Männer profitieren häufiger als Frauen
Die Untersuchung des WSI zeigt auch geschlechtsspezifische Unterschiede. Während 54 Prozent der Männer Weihnachtsgeld erhalten, sind es bei den Frauen nur 48 Prozent. Vollzeitbeschäftigte kommen mit 53 Prozent häufiger in den Genuss der Zahlung als Teilzeitkräfte, von denen lediglich 46 Prozent berücksichtigt werden. Experten führen diese Unterschiede auf strukturelle Faktoren zurück: Frauen arbeiten überdurchschnittlich oft in Branchen ohne Tarifvertrag oder in Teilzeitmodellen, in denen Sonderzahlungen seltener sind. Dennoch gibt es positive Entwicklungen in einzelnen Bereichen wie dem öffentlichen Dienst, wo Frauen und Männer zunehmend gleichgestellt werden. Insgesamt zeigt sich aber weiterhin ein Gefälle zwischen Geschlechtern und Beschäftigungsformen.

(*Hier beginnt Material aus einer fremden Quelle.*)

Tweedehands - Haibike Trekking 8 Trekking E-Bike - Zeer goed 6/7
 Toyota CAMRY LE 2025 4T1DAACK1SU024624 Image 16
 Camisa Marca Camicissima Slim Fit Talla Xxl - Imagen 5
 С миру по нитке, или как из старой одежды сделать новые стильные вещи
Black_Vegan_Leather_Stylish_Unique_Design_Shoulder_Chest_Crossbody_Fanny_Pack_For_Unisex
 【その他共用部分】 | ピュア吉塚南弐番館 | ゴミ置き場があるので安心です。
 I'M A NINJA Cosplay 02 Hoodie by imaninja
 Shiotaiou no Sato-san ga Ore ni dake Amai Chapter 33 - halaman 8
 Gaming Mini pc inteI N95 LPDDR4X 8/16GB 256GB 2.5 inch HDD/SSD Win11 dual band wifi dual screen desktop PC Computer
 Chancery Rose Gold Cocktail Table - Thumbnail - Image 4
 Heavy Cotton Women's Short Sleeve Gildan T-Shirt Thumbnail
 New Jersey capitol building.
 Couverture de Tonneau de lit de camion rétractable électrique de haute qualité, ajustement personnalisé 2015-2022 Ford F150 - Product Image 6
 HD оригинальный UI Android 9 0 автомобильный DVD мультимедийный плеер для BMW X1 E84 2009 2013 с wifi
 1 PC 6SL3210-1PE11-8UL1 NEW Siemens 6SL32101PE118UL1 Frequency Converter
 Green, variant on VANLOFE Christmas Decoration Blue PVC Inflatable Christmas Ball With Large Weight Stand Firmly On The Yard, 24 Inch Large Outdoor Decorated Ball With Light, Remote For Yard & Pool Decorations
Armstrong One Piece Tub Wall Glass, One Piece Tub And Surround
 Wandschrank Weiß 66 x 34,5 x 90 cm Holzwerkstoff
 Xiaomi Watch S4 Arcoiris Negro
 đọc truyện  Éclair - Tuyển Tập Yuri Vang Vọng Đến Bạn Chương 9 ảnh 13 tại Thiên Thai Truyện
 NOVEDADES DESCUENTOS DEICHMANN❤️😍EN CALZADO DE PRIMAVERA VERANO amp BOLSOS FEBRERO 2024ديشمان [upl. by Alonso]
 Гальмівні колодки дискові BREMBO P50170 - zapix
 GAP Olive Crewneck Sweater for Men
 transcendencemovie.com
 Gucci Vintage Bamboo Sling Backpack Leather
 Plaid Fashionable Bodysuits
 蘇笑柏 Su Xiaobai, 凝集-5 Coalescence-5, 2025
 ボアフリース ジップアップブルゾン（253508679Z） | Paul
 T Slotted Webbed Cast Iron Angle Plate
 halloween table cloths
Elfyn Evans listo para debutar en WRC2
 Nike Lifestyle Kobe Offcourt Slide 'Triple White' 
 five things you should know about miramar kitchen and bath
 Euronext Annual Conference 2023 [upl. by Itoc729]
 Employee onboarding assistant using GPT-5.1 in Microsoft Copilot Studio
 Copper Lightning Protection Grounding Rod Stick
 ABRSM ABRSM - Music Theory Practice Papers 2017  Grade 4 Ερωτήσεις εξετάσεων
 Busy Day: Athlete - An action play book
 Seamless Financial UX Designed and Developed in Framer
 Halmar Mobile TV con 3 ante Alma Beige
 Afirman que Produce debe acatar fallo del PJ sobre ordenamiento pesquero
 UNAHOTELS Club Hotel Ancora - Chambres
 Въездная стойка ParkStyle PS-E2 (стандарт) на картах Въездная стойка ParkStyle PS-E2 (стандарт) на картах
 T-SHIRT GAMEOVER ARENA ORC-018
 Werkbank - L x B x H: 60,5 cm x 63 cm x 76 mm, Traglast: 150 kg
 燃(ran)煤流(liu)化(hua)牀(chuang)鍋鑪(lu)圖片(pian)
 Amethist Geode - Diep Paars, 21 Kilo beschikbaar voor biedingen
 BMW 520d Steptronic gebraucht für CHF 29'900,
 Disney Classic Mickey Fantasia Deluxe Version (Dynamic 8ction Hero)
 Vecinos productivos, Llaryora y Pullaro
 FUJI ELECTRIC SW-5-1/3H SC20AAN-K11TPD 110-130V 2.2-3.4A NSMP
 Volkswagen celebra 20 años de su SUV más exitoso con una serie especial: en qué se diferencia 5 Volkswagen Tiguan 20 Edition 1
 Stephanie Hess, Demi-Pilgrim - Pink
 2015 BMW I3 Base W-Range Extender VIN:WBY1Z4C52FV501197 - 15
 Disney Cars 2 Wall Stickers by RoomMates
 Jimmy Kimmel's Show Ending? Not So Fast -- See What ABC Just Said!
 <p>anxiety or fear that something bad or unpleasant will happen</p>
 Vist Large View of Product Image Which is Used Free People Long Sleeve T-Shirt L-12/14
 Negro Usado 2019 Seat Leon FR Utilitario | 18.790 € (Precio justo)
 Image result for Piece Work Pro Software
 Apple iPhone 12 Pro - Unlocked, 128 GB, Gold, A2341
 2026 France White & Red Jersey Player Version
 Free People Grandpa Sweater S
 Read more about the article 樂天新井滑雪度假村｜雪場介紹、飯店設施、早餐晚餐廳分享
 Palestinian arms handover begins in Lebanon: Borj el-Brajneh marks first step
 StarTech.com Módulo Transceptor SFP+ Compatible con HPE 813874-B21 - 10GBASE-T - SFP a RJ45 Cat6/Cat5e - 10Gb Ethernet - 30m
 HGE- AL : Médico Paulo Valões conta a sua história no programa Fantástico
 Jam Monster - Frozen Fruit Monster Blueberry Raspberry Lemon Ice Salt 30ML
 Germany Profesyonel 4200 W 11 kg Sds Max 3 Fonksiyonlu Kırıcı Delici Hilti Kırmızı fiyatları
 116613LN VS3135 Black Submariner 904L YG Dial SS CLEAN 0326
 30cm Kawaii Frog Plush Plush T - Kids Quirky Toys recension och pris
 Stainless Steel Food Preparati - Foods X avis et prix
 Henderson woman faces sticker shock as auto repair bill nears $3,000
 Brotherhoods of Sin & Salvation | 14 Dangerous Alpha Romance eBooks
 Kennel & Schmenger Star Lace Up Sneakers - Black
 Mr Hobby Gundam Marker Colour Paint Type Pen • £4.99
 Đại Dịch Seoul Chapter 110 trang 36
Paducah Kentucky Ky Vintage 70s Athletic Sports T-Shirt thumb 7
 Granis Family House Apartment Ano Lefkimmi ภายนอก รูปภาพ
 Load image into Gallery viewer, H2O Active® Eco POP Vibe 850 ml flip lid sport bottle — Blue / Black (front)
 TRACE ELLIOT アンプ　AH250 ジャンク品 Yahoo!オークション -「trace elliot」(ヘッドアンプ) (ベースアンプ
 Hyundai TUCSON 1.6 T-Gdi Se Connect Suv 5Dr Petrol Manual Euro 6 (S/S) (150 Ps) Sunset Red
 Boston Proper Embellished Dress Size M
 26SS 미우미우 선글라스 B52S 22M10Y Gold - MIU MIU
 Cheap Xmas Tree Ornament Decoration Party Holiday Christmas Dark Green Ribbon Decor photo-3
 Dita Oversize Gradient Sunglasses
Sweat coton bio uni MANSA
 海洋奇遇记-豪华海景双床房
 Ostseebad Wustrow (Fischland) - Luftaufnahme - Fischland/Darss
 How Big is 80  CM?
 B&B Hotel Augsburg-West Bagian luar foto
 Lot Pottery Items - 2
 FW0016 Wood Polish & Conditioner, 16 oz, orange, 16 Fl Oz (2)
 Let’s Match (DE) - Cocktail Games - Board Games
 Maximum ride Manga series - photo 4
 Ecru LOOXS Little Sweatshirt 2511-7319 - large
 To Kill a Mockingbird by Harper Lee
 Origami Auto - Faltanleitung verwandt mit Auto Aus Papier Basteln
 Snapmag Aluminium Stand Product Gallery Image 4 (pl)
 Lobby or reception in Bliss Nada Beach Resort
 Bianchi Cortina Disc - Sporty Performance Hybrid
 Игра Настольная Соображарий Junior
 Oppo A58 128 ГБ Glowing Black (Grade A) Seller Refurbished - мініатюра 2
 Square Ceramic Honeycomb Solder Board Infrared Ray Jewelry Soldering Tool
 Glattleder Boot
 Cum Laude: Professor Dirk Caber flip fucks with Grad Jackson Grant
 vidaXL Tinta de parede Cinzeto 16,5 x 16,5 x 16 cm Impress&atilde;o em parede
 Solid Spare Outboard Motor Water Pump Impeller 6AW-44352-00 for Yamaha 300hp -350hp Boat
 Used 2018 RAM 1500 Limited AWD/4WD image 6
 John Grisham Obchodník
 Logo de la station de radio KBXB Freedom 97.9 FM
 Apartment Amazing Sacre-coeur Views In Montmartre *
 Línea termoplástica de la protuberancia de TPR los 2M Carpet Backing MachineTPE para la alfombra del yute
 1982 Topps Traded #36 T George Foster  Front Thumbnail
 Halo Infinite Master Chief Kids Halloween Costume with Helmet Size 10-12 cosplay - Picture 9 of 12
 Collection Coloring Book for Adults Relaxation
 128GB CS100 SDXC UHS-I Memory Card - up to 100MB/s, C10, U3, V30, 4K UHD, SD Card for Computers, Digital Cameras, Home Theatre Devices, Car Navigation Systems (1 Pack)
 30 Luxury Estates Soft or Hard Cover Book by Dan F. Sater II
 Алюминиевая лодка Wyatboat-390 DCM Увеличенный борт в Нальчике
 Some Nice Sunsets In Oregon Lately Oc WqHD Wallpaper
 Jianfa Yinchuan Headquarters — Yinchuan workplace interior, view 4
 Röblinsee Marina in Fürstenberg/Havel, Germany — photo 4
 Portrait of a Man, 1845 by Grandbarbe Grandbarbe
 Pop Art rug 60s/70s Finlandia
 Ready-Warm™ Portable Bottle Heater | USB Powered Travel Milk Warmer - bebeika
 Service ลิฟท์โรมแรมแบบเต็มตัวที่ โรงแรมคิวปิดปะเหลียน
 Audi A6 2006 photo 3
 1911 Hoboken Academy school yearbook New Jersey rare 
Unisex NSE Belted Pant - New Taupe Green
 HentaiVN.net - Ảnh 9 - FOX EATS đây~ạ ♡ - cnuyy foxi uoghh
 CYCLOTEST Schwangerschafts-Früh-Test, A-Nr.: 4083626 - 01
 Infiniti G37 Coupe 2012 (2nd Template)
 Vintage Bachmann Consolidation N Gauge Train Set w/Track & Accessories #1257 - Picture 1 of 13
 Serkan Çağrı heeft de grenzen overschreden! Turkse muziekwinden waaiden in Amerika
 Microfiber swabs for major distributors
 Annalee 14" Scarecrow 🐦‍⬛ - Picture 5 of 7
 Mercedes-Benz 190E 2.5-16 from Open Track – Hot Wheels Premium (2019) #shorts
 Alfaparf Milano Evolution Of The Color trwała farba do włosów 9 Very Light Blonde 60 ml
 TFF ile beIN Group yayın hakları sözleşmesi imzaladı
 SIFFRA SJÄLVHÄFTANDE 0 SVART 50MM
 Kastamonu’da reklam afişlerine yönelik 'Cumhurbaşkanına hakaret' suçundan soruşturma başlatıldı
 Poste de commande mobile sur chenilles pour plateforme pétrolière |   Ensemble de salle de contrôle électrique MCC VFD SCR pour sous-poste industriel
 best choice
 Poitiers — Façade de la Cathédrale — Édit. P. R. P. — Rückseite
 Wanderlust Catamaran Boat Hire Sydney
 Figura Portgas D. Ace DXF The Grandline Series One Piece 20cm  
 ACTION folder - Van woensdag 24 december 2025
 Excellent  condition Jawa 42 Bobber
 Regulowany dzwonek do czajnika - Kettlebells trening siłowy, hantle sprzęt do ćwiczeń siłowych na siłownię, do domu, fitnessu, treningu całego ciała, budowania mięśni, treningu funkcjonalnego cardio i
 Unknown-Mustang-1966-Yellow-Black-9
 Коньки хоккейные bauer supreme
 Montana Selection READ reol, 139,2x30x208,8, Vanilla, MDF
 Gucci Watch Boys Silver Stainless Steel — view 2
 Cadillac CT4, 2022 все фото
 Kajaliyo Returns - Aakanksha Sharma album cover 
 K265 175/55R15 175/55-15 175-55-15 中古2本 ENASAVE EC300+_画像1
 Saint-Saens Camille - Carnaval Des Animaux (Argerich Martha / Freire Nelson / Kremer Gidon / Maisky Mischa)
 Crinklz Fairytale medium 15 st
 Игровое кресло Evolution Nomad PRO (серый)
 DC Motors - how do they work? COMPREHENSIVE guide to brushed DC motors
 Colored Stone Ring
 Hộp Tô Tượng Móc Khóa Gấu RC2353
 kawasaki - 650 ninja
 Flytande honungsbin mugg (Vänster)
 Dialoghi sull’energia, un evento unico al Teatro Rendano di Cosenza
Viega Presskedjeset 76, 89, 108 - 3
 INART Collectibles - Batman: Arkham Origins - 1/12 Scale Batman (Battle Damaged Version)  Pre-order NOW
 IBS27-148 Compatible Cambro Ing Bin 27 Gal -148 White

Wie das Weihnachtsgeld berechnet wird
In den meisten Branchen wird das Weihnachtsgeld nicht als fixer Pauschalbetrag ausgezahlt, sondern als Prozentsatz des Monatslohns. So profitieren Arbeitnehmerinnen und Arbeitnehmer, deren Gehalt in diesem Jahr gestiegen ist, automatisch von einem höheren Bonus. Im Gastgewerbe in Bayern etwa stieg die Auszahlung 2025 um rund 9,6 Prozent an, was auf neu verhandelte Tarifverträge zurückzuführen ist. Dennoch liegen die Beträge hier mit durchschnittlich 1.658 Euro im Mittelfeld. Die Höhe der Zahlung orientiert sich dabei meist an der Dauer der Betriebszugehörigkeit oder an festgelegten Lohngruppen. Für viele Beschäftigte bleibt das Weihnachtsgeld eine wichtige finanzielle Entlastung in der teuren Weihnachtszeit.
Kein gesetzlicher Anspruch auf Weihnachtsgeld
Ein weit verbreitetes Missverständnis ist die Annahme, dass es in Deutschland ein gesetzliches Recht auf Weihnachtsgeld gibt. Tatsächlich handelt es sich um eine freiwillige Leistung des Arbeitgebers, sofern sie nicht explizit im Arbeits- oder Tarifvertrag festgeschrieben ist. Hat ein Unternehmen jedoch über mehrere Jahre hinweg regelmäßig gezahlt, kann laut Arbeitsrecht eine sogenannte „betriebliche Übung“ entstehen. Das bedeutet, dass Arbeitnehmerinnen und Arbeitnehmer unter Umständen einen Anspruch geltend machen können, wenn die Zahlung plötzlich ausbleibt. Wichtig zu beachten: Auch das Weihnachtsgeld ist steuer- und sozialversicherungspflichtig, was den Nettobetrag mindert. Juristen raten Beschäftigten, ihre Verträge genau zu prüfen, um mögliche Ansprüche zu erkennen.
Das Weihnachtsgeld bleibt auch 2025 eine freiwillige Zusatzleistung, von der nur etwas mehr als die Hälfte der Beschäftigten profitiert. Tarifverträge bieten hier den zuverlässigsten Schutz, während viele Arbeitnehmerinnen und Arbeitnehmer in nicht tarifgebundenen Betrieben leer ausgehen. Besonders auffällig sind die Unterschiede zwischen Branchen und Geschlechtern. Trotzdem zeigt sich, dass Sonderzahlungen für viele ein wichtiger Bestandteil des Jahreseinkommens sind – vor allem in Zeiten steigender Lebenshaltungskosten. Wer regelmäßig Weihnachtsgeld erhält, kann sich glücklich schätzen, denn ein gesetzliches Recht darauf besteht nicht. Die aktuelle WSI-Studie verdeutlicht einmal mehr, wie ungleich verteilt die finanzielle Weihnachtsfreude in Deutschland ist.